::: Records shown :::
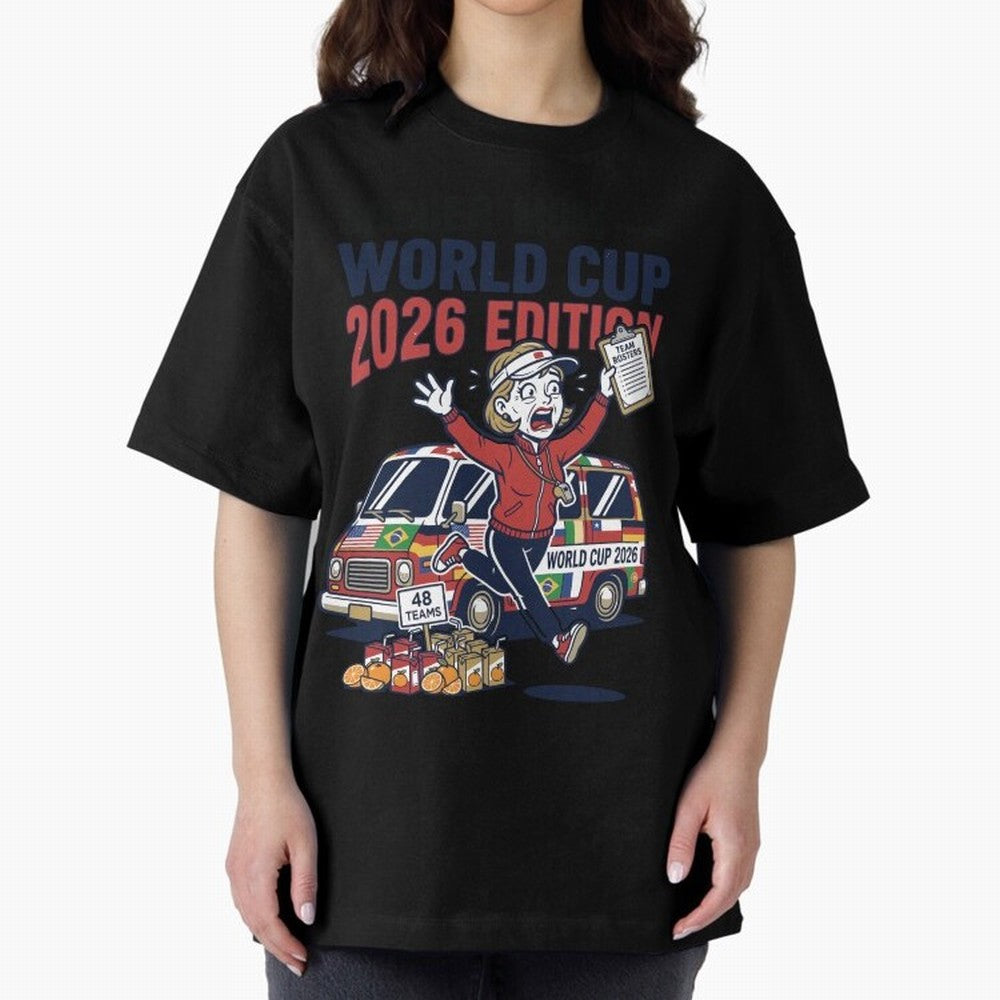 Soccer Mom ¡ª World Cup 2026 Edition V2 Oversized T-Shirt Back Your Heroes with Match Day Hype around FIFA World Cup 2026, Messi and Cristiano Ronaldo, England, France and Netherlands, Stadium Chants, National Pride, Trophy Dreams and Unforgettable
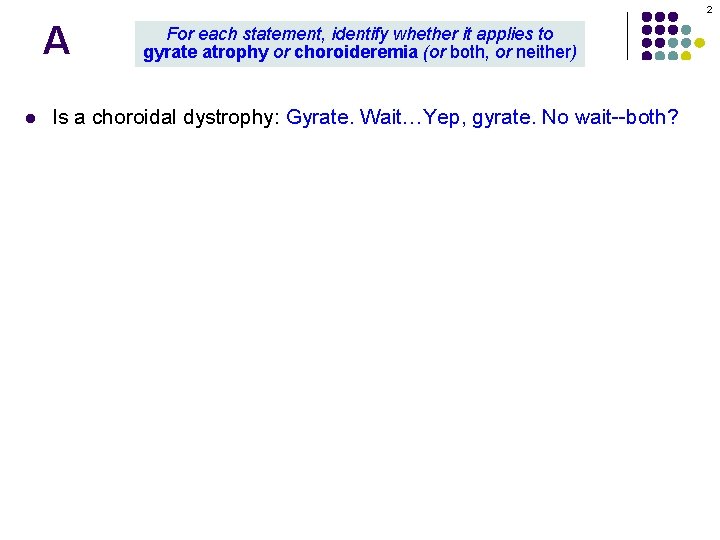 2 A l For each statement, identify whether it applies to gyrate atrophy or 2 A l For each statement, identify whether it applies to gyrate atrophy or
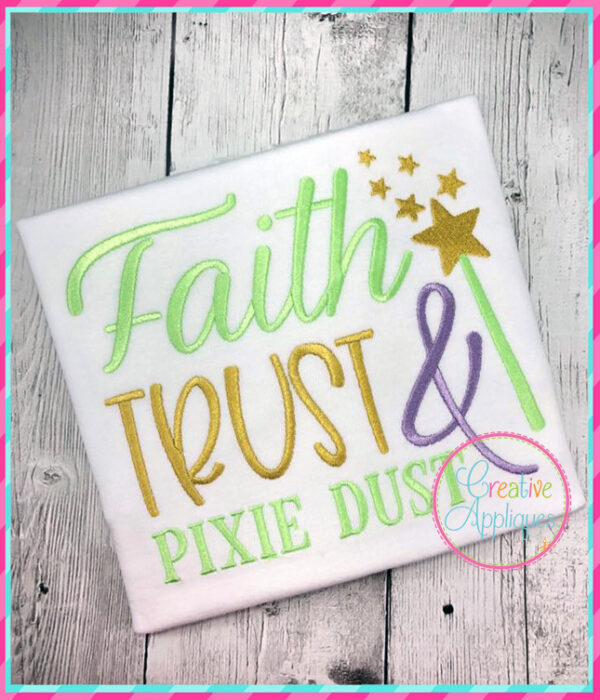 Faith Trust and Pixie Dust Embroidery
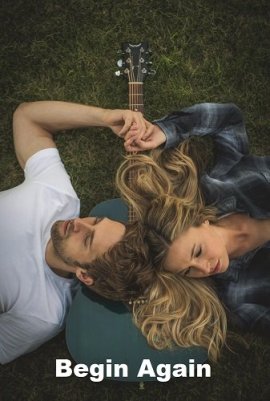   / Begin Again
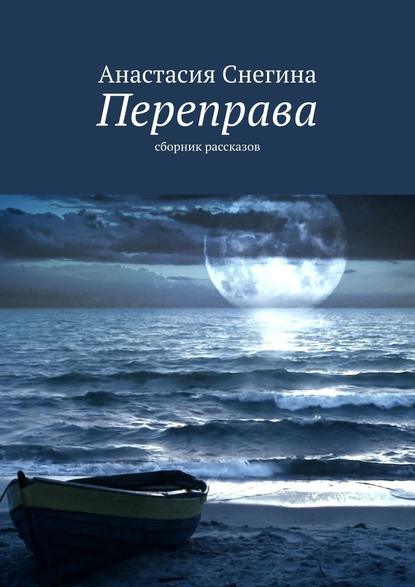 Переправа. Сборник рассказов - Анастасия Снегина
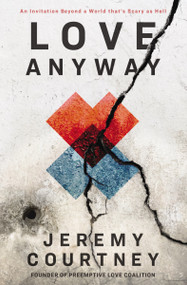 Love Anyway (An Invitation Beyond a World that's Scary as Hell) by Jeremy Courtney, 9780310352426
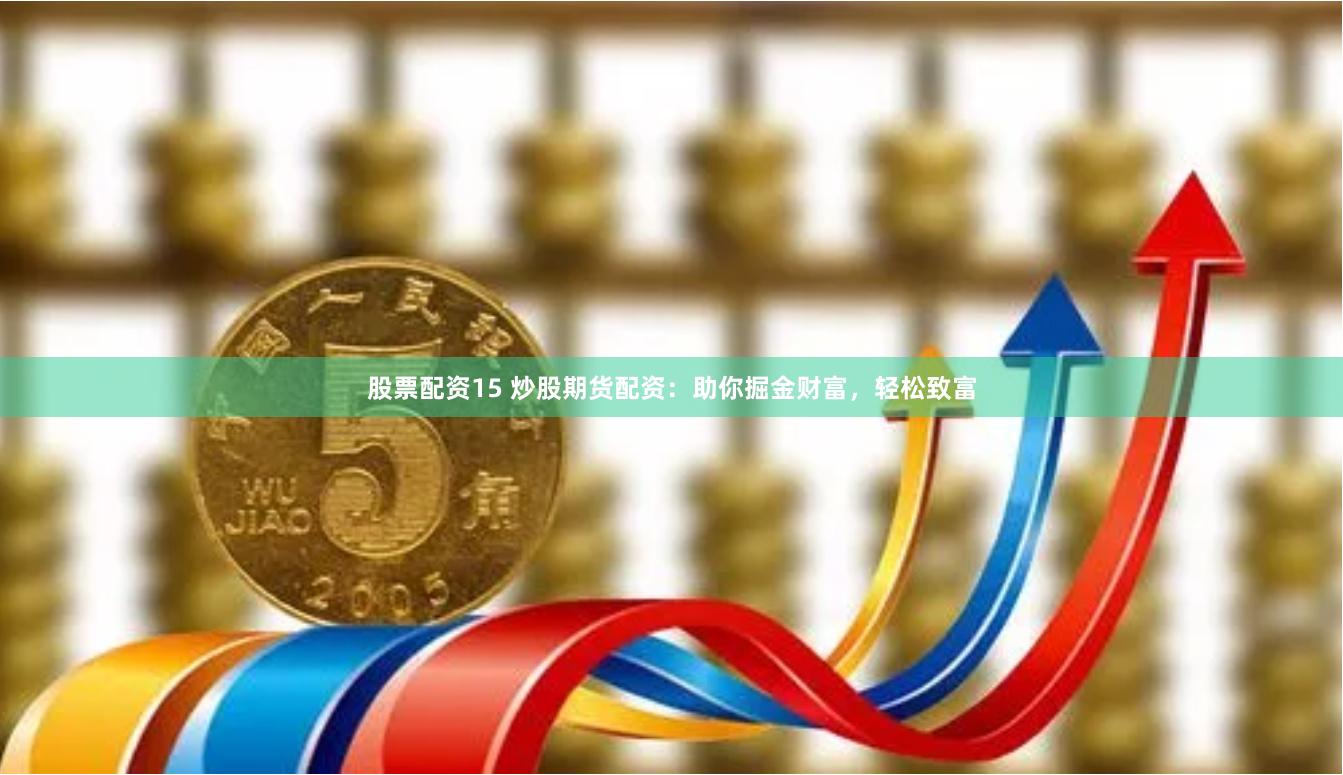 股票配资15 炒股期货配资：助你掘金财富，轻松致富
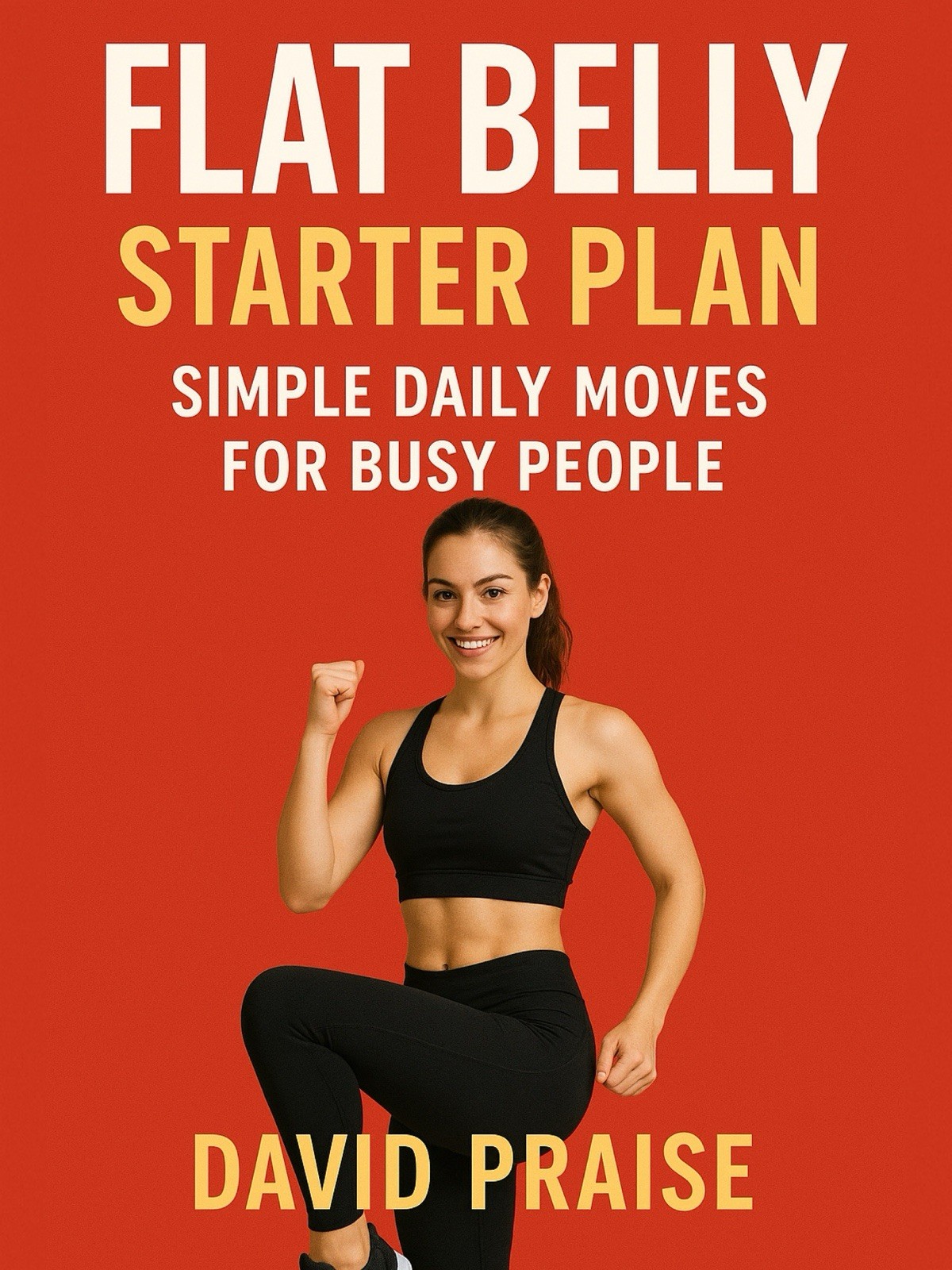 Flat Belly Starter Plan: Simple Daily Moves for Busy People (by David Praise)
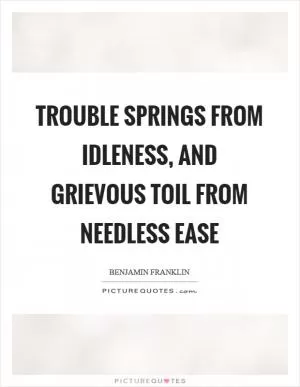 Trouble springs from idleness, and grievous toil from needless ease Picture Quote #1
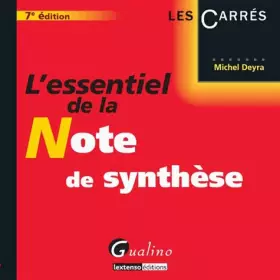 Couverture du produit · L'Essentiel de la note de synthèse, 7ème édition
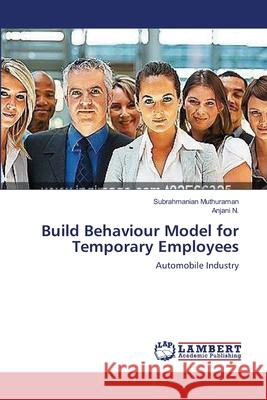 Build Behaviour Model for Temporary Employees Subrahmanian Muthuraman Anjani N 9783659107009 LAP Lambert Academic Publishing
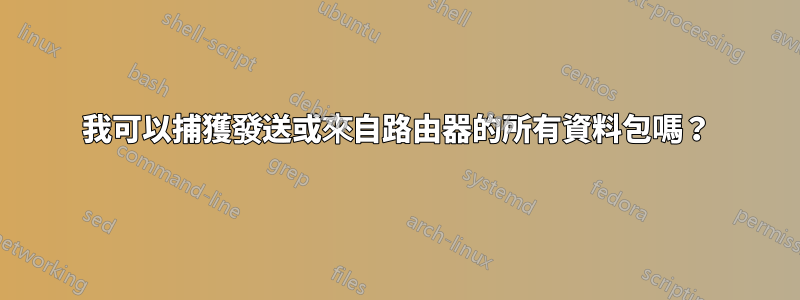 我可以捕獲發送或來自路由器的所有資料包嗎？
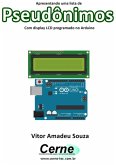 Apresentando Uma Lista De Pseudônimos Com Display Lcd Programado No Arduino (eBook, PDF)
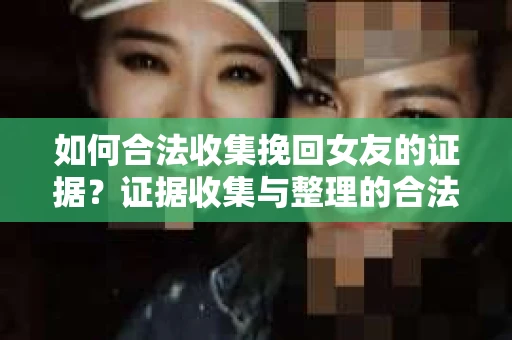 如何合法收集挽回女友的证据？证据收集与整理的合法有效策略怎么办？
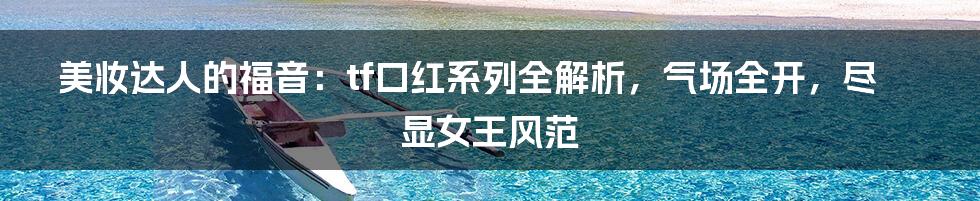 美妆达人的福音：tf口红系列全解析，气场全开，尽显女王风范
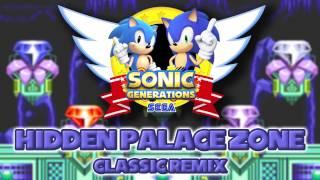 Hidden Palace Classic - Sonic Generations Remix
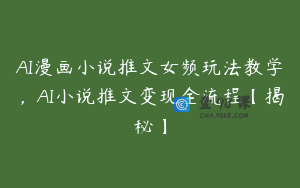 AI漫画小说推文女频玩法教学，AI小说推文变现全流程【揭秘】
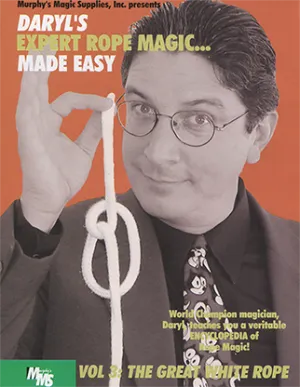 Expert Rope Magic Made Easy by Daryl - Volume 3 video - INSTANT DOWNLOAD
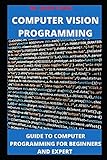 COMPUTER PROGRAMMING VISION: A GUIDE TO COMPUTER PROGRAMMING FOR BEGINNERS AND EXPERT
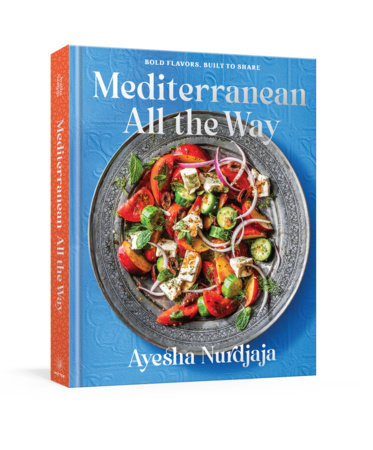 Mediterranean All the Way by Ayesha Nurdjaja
:::
### What is being asked
Starting with the line that contains "我可以捕獲發送或來自路由器的所有資料包嗎？", copy every line word for word through the end of the listing above, but leave out the pictures.

### Solution
 我可以捕獲發送或來自路由器的所有資料包嗎？
 Apresentando Uma Lista De Pseudônimos Com Display Lcd Programado No Arduino (eBook, PDF)
 如何合法收集挽回女友的证据？证据收集与整理的合法有效策略怎么办？
 美妆达人的福音：tf口红系列全解析，气场全开，尽显女王风范
 Hidden Palace Classic - Sonic Generations Remix
 AI漫画小说推文女频玩法教学，AI小说推文变现全流程【揭秘】
 Expert Rope Magic Made Easy by Daryl - Volume 3 video - INSTANT DOWNLOAD
 COMPUTER PROGRAMMING VISION: A GUIDE TO COMPUTER PROGRAMMING FOR BEGINNERS AND EXPERT
 Mediterranean All the Way by Ayesha Nurdjaja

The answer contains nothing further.